Adjusting to Absense




coming back to a city with finished roads and new buildings is fun until you don't know where you are. being able to drive again is nice until you realize 65 mph feels like you're about to fly off the freeway. i am experiencing similar feelings as i get back to so many relationships that have kind of been on pause. things have changed. i have changed.

it has officially been a full week of being back in Vegas. the feelings that i carry with me on a daily basis are kind of indesribable. and the only word that always comes to mind does not at all do them justice. but alas . . weird is what I feel. i find myself just observing the things and people around me. like i am relearning how to interact with the familiar atmosphere around me. my adjustment process is much like the way i am handling jetlag: i try to engage as much as possible before my body just won't let me go on. i am realizing it is okay to zone out, existing is all that matters sometimes. God does not expect me to be super; that's His job. life is a process even here in lovely las vegas with so much that i love. yet it seems like i have been apart from it for so long.

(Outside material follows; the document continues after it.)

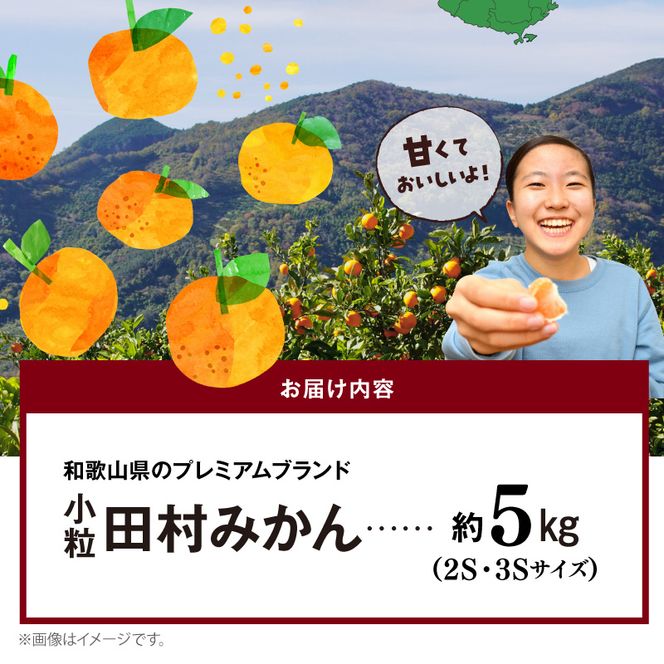 AB7311_【2026年先行予約】小粒田村みかん 2S・3Sサイズ 秀品 約5kg _ 和歌山プレミアムブランドみかん 小玉 小さい 蜜柑 ミカン フルーツ 果物 ギフト お歳暮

the other day, in the throws of running around and visiting people before they holiday, i was thinking about what God has been doing while I have been gone. everyone i run into wants to hear stories from my life these past 6 months. but i want to hear theirs. as we exchange tales, i understand more and more something my father told me the night he picked me up from the airport. "you will never know how much your choice to go has impacted people." before i found it a bit absurd, but i may have just been sleep deprived. with each day that i am home, i am beginning to see what he was pointing out: the value that God has in calling us to 'Go.'

i know for myself, being away from home and friends and family left a gaping hole that had to be filled. there was a void and walking away from my natural habitat forced it to be filled with something other than what I readily had access to. i had to find something else and i had to learn how to get it. Jesus told the disciples before he ascended to heaven, "But in fact, it is best for you that I go away, because if I don't, the Advocate won't come. If I do go away then I will send him to you."-John16:7 The Advocate is the Holy Spirt, our Comforter, our Encourager, our Counselor, our Friend. He is meant to fill the void.

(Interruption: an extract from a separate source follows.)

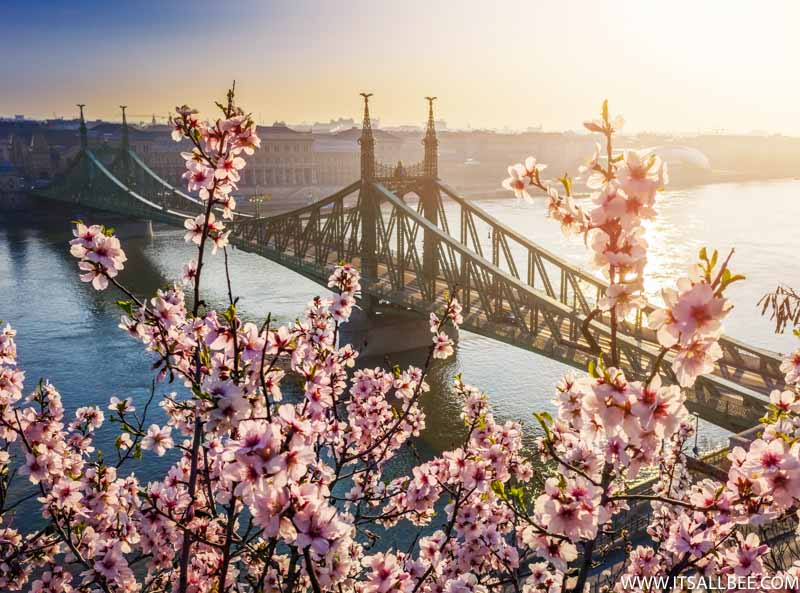 Budapest Cherry Blossom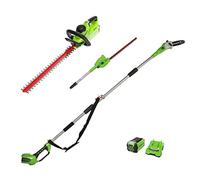 Greenworks 40V perche et taille-haie perche, taille-haie avec batterie/chargeur 2Ah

Jesus said he had to go, in order for Holy Spirit to come. So it makes sense that we on earth would experience this, too. Looking at my life and the ones of those I love, I can now see the value God had for the absense we endured. So much growth has ensued! Beyond the unexpected accolades of people expressing how my journey has inspired them (super weird btw). Beyond the tangible differences I can see in my character and my own personal walk with my God. Right now, what encourages me the most are those lives I left behind 6 months ago. Those family members and friends who offer up stories of the valleys they trekked through and how they reached the mountain on the other side. And how they came to be the thriving lights that I have the extreme priviledge of returning to this Christmas season.

i am not saying that i came back to a perfect world. not at all. but i am grateful to have come home to a place that i vaguely recognize, physically and spiritually. because God has evidently been hard at work in His garden (John 15). He has been tending to his branches and showing us all what it means to abide in His love. and how to watch  expectedly for the Advocate. we get to rest and reminisce, knowing that the manger has long been empty and God our Savior is a Man sitting on a heavenly throne. Yet, he is also ever with us. Emmanuel. God with us wherever we go.